BROOKE GLADSTONE: So let me throw the big question at you: There’s so much great stuff out there. Is this something that we can continue to see? Or is it, as Bob suggests, a supernova, a big beautiful explosion before fewer dollars inevitably lead to a descent into the shoddy? What do you think?
PETER KAFKA: Eh, can I – can I hedge?
BROOKE GLADSTONE: No.
PETER KAFKA: Look, the economic model that allows Madmen to exist today is going to go away. It allows a channel like AMC, which has an audience of whatever, gets a subscription fee from all of them, whether or not they’re watching it, sells ads and allows them to spend a bunch of money on a show they’ve never seen before called Madmen and put it out there, that's gonna go away.
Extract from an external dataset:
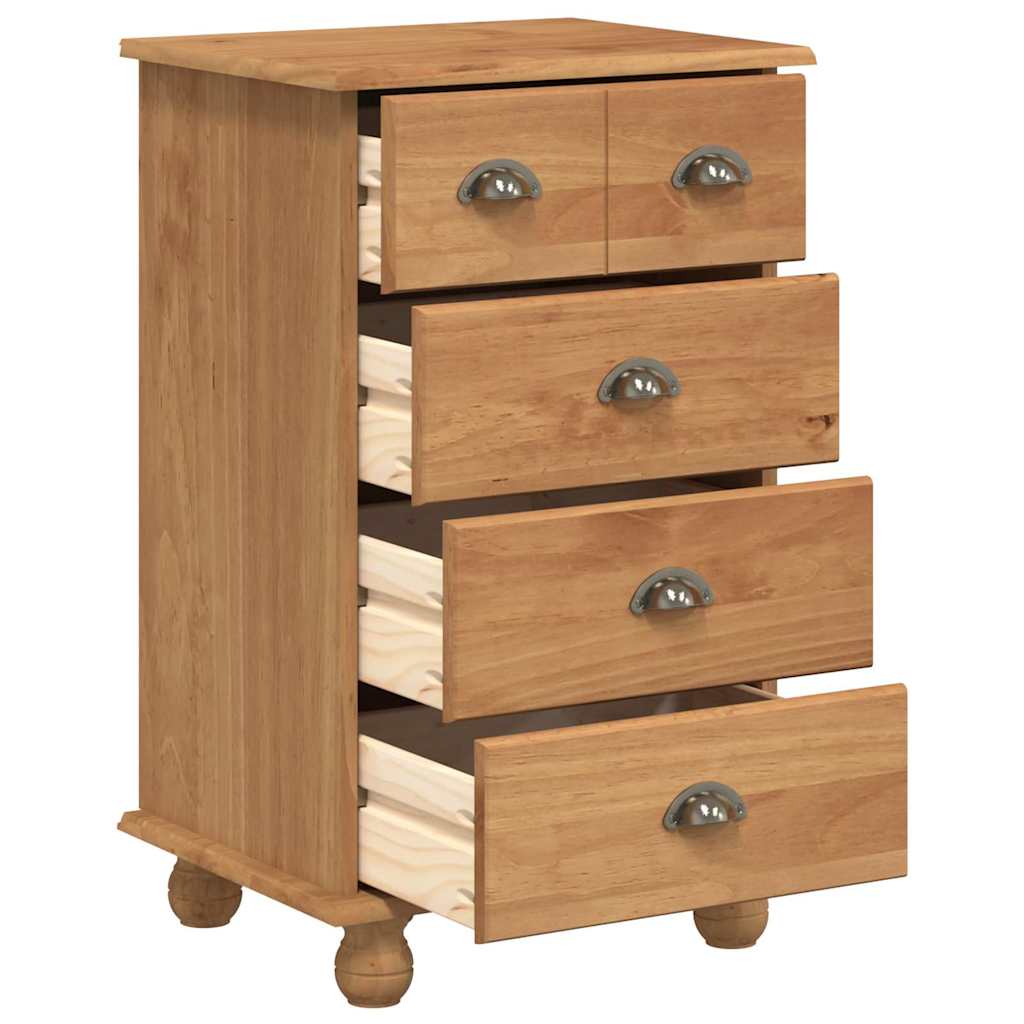 Chest Of Drawer Askim 45.8 X 40 X 79 Cm Solid Pine Wood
Either John McCain is gonna legislate it away.
BROOKE GLADSTONE: On Thursday, John McCain offered a bill that would force cable to unbundle their offerings. It's not likely to fly.
PETER KAFKA: Probably not gonna happen. What‘s probably going to happen, more realistically, is eventually consumers are just gonna stop paying for this stuff, again, over a long period of time. Look, I think people are still going to value individual bits of content. There's an enormous amount of options there. The audience atomizes, right, so what’s valuable to you is not valuable to me. So it’s a smaller amount of money to make each individual thing. But if we care enough about it, we’ll pay for it.
BROOKE GLADSTONE: So you’re feeling good?
PETER KAFKA: I’m feeling good. But look at what's on the cable dial, hour after hour, day after day. There's a lot of reruns, there’s a lot of reality shows, there’s a lot of sub-reality shows, there are a lot of infomercials. If you end up replicating that world, where there's a handful of really good things online and a bunch of crap, you’re replicating TV and it’s not a terrible thing.
BROOKE GLADSTONE: Thank you.
PETER KAFKA: Thank you.
BROOKE GLADSTONE: Peter Kafka is a senior editor at All Things Digital, AllThingsD.com.